2. I think the younger larvae are probably more robust for handling, and that may be a difference.

3. In contrast to what I wrote above, I think the large producers (I've seen slide shows from Miksa) all use carefully timed confining of queens, and use very young larvae. I also think that (based in part on the Miksa photos), those doing hundreds a day every day are using more traditional grafting tools, not the chinese one. ..I'd make the analogy of doing CAD (computer aided design)....if you do a little of it, you use the mouse a lot....if you do a lot of it, you use keyboard shortcuts (which are more clunky to learn but faster to use). Once you are timing the eggs, getting them at a young age is just as easy as getting them when older.

4. I graft from the youngest larvae I can, but I'm not sure it is necessary (it may be more resilient to mechanical manipulation, temp, and environment disruption). I've also been doing most of my queen cell planting 48 hours after grafting (before cell is capped).


----------



## deknow

I just tend to graft from well fed larvae that don't yet look 'chubby'.


----------



## deknow

Another observation that might be useful to others.

I purchased a large magnifier (mounted to the table with an articulating arm) with a ring of LED's for lighting.

The reflection of the individual LED's in the pool of jelly resembles the slightly segmented body of the young larvae (at least to my eyes). Probably a diffuser of some kind would help with this problem, but I found it very hard to see what was going on.


----------



## AstroBee

David LaFerney said:


> I know that the conventional wisdom is that smaller/younger is better for grafting, but I wonder if this is based on any *real* science?


Not sure if you consider this real science, but it may be worth a quick scan.

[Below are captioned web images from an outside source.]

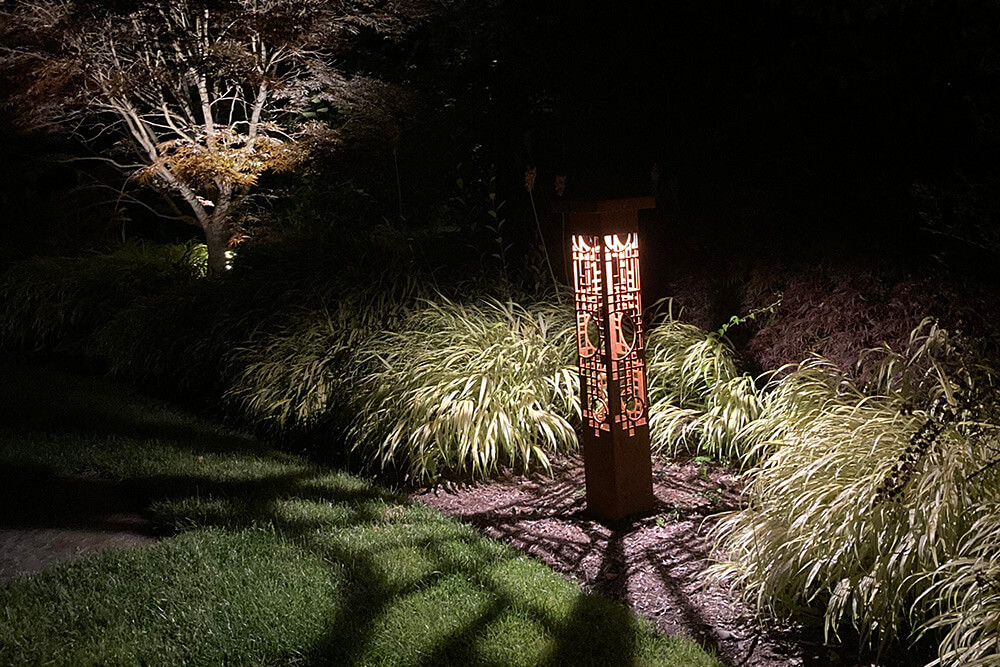 Landscape Lighting Portfolio - Photo #2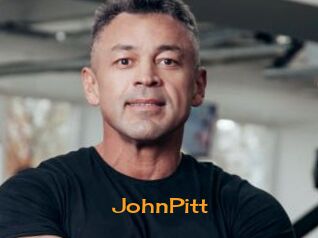 JohnPitt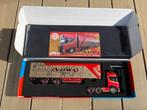 Tekno VOWA Scania Next Gen R-serie Highline, Ophalen of Verzenden, Nieuw, Bus of Vrachtwagen, Tekno
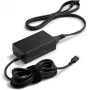 HP 65W USB-C LC tīkla adapteris klēpjdatoriem iekštelpām 65W Melns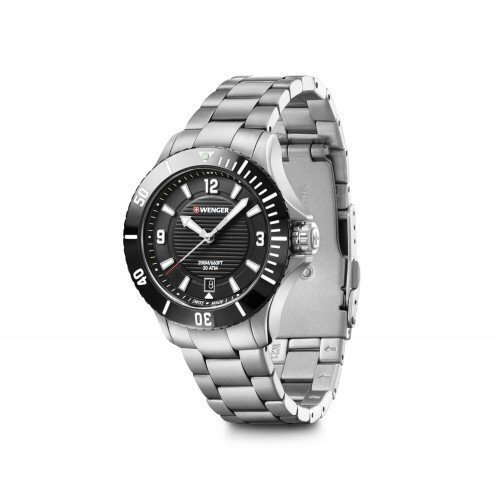 Дамски часовник WENGER Seaforce Small 01.0621.109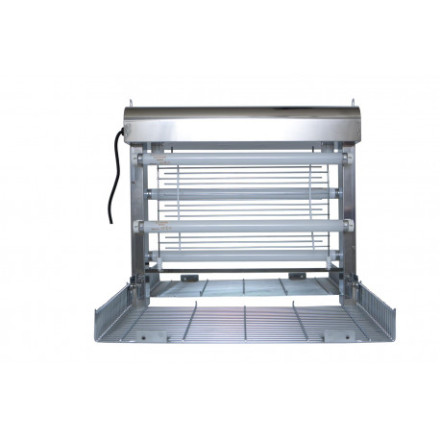 Антимоскитная лампа "GENUS LIBERATOR IP45 KILLER" Антимоскитная лампа "GENUS LIBERATOR IP45 KILLER"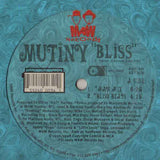 Maw-034 Bliss Mutiny (Masters At Work Remixes)
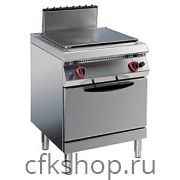 Плита газовая Angelo Po 1G1TP0G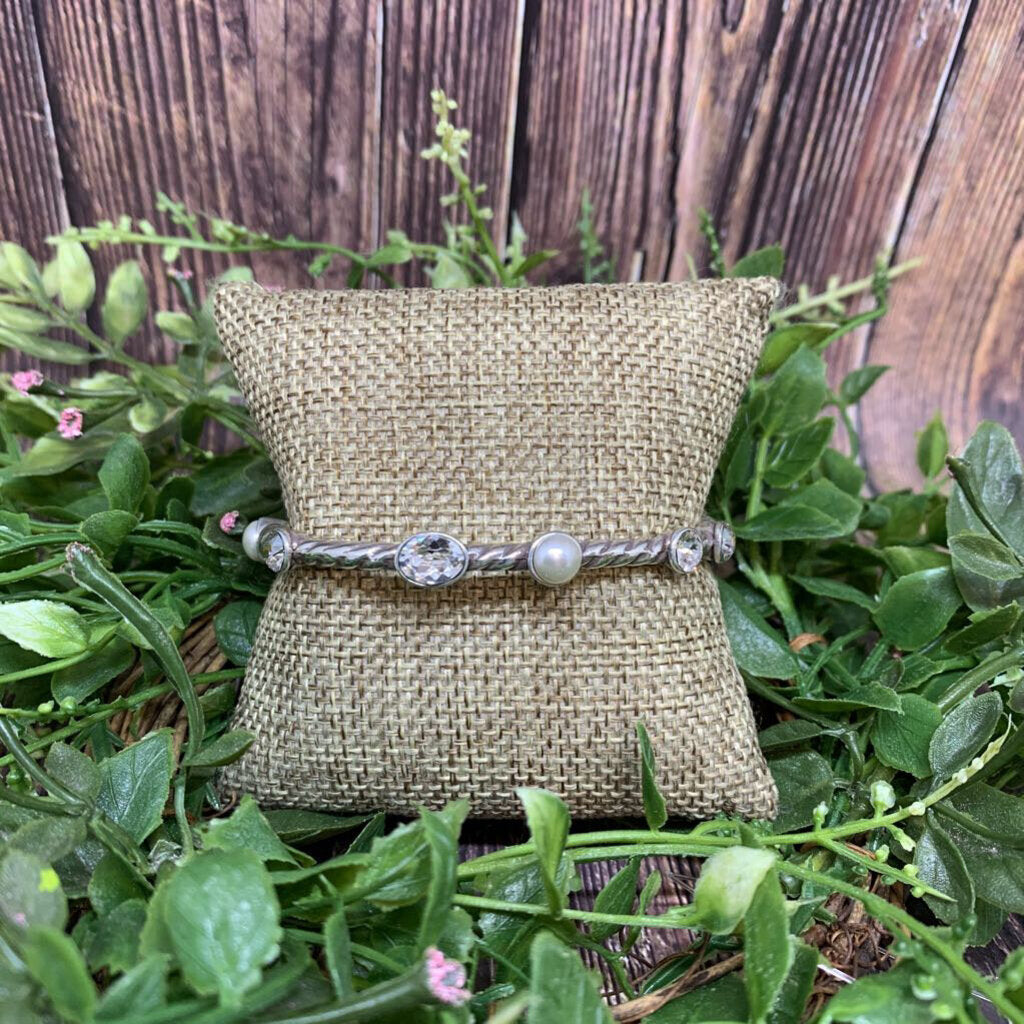 Brighton Monte Carlo Bangle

http://www.apiservices.com/articles/us/grafting.htm

I totally agree that 2 or 3 day old are far easier, but no one ever said this should be easy  

I target the absolutely smallest larvae possible. I'm jealous of those who claim that the Chinese tool is so easy, but after trying numerous times, over many years, I've totally given up on that tool. What I've found is that if you want to lift 2-3 day old with the Chinese tool it is pretty easy, but REALLY small larvae I find it very awkward and wind up wasting many. I find two things very helpful: 1) get the grafting frame well-fed in a cell builder 1 day prior to grafting, and 2) use the JZ-BZ tool. I really like the rigidity of the tool the ability to really scrape the bottom of the cells if needed. It also provides good feedback to your fingers when touch something, which is not the case with the Chinese tool. At the end of the day, use the tool that works for you, but try several before you decide the best. I've also heard that not all Chinese tools are equal, but I have about a dozen and they all stink. I got to conclude that it’s just the operator...


----------



## Michael Palmer

deknow said:


> ...and this is getting the grafting tool under the larva:


I would prefer to see you pick up the larva from the convex side and not the concave side.


----------



## deknow

I understand having a preference. In my own experience I haven't noticed a difference. If I were to really think about it, I could probably come up with some good (sounding) reasons for doing it either way.

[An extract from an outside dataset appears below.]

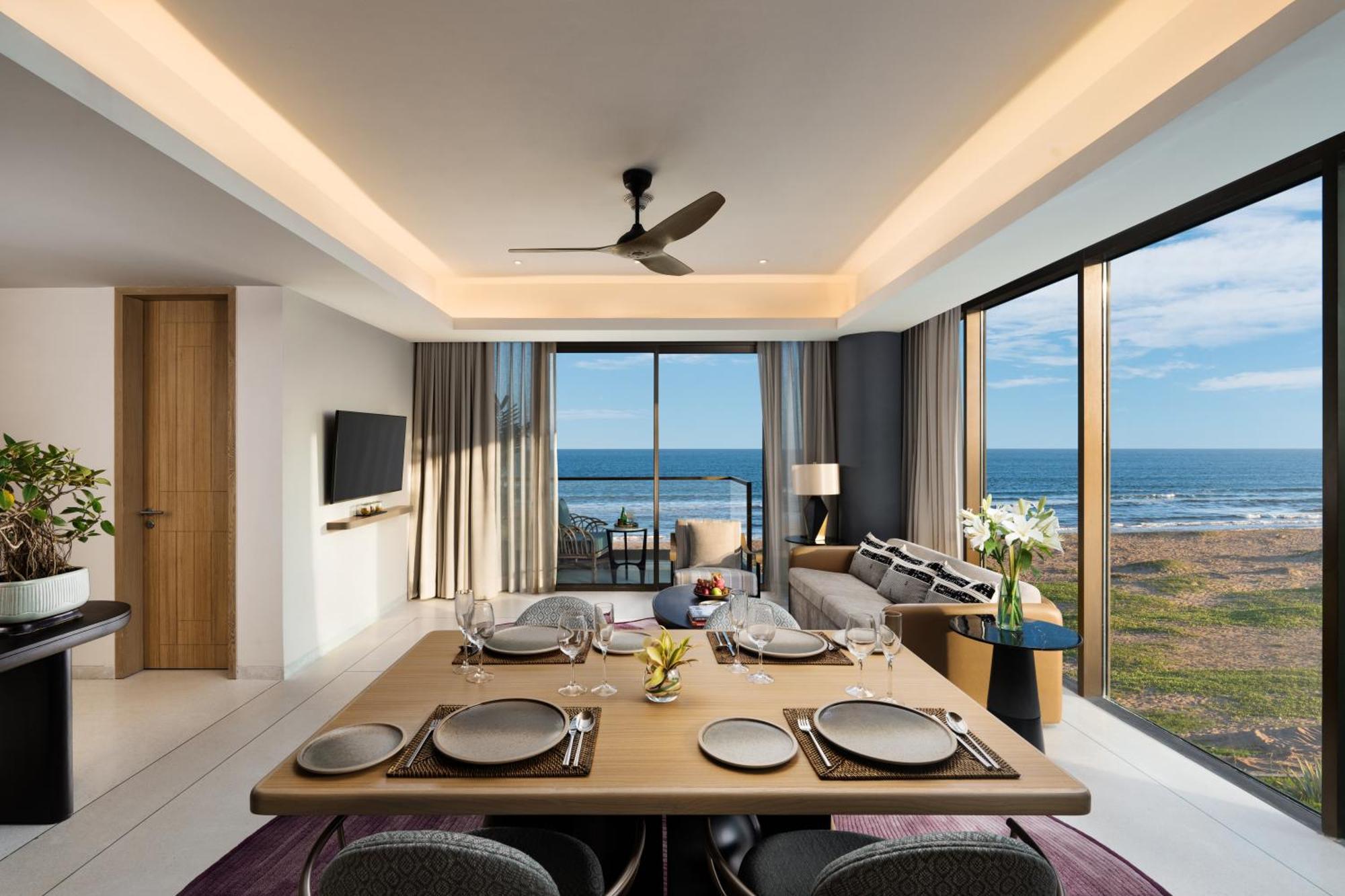 Taj Puri Resort & Spa, Odisha Экстерьер фото
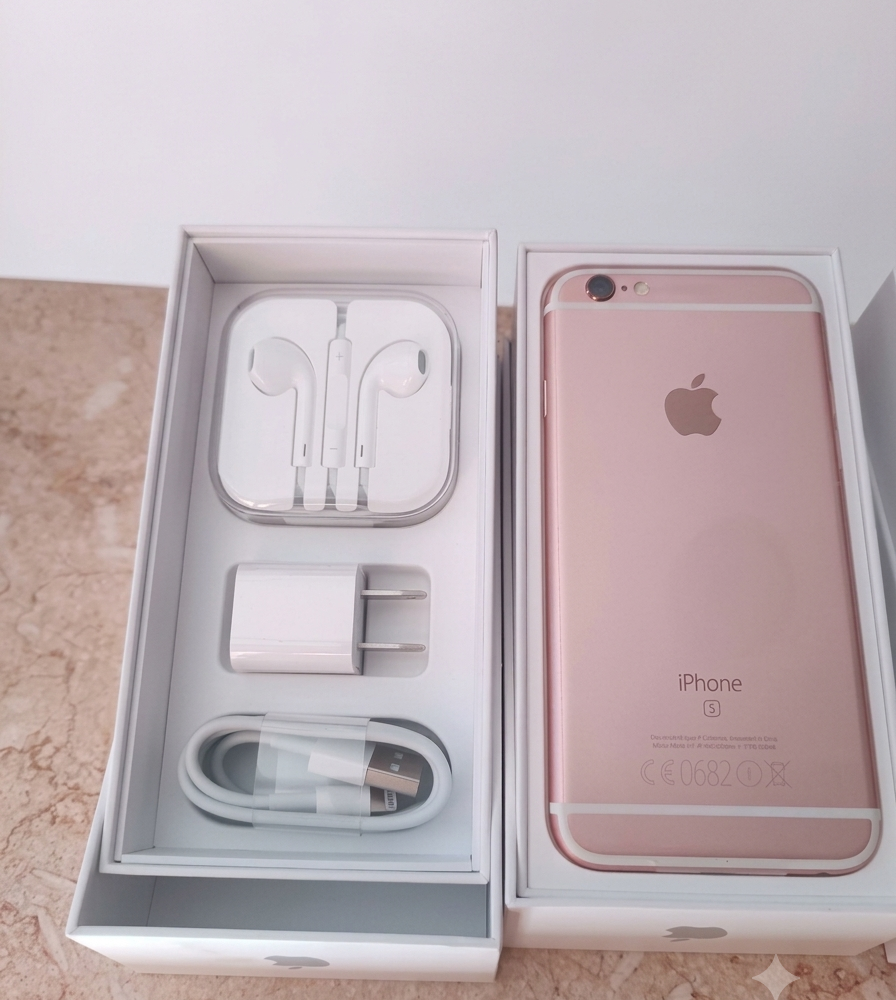 iPhone 6s 64GB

Pretty much no matter what I do, if I graft it onto a microscope slide and look at how it is doing, it seems unperturbed, and is just an eating machine.

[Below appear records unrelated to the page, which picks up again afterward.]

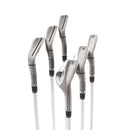 TaylorMade Steath Graphite Ladies Right Hand Irons 6-SW Ladies - Ascent 45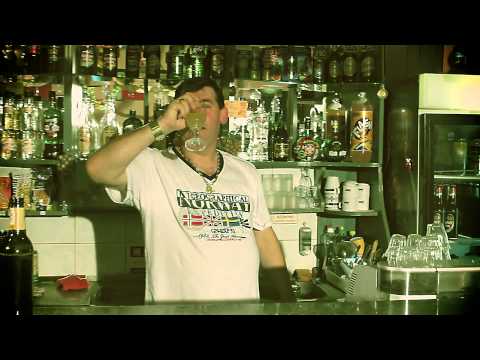 Hidvégi Band - Pál Ilonka (Official video FullHD)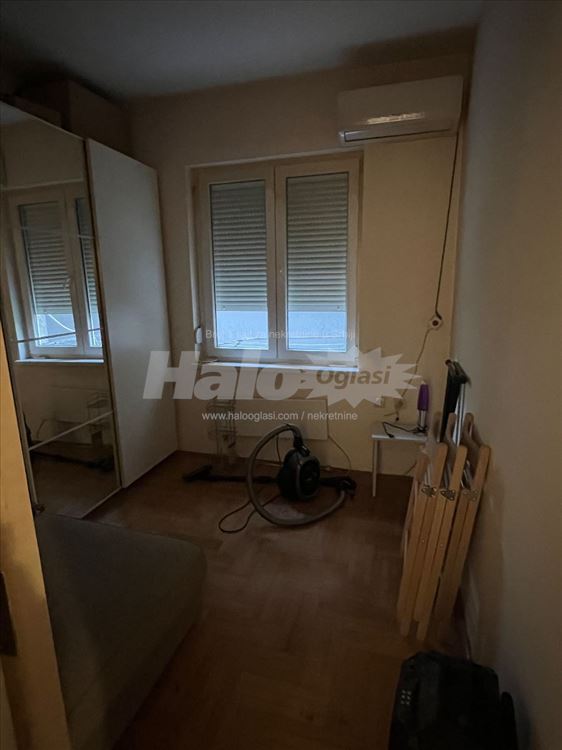 Salonski trosoban, 60 m², Gundulićev venac — 8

I also don't do a whole lot of grafting, and I never confine the queen to have known age larvae to work with. ....if I were doing more of it, I would probably want to be more systematic in both areas.

If you find one direction better than another, is it from flubbed grafts that you know aren't right (and redo immediately), or something that you notice at a later stage?


----------



## David LaFerney

AstroBee said:


> Not sure if you consider this real science, but it may be worth a quick scan.
> 
> http://www.apiservices.com/articles/us/grafting.htm
> 
> I totally agree that 2 or 3 day old are far easier, but no one ever said this should be easy
> 
> I target the absolutely smallest larvae possible. I'm jealous of those who claim that the Chinese tool is so easy, but after trying numerous times, over many years, I've totally given up on that tool. What I've found is that if you want to lift 2-3 day old with the Chinese tool it is pretty easy, but REALLY small larvae I find it very awkward and wind up wasting many. I find two things very helpful: 1) get the grafting frame well-fed in a cell builder 1 day prior to grafting, and 2) use the JZ-BZ tool. I really like the rigidity of the tool the ability to really scrape the bottom of the cells if needed. It also provides good feedback to your fingers when touch something, which is not the case with the Chinese tool. At the end of the day, use the tool that works for you, but try several before you decide the best. I've also heard that not all Chinese tools are equal, but I have about a dozen and they all stink. I got to conclude that it’s just the operator...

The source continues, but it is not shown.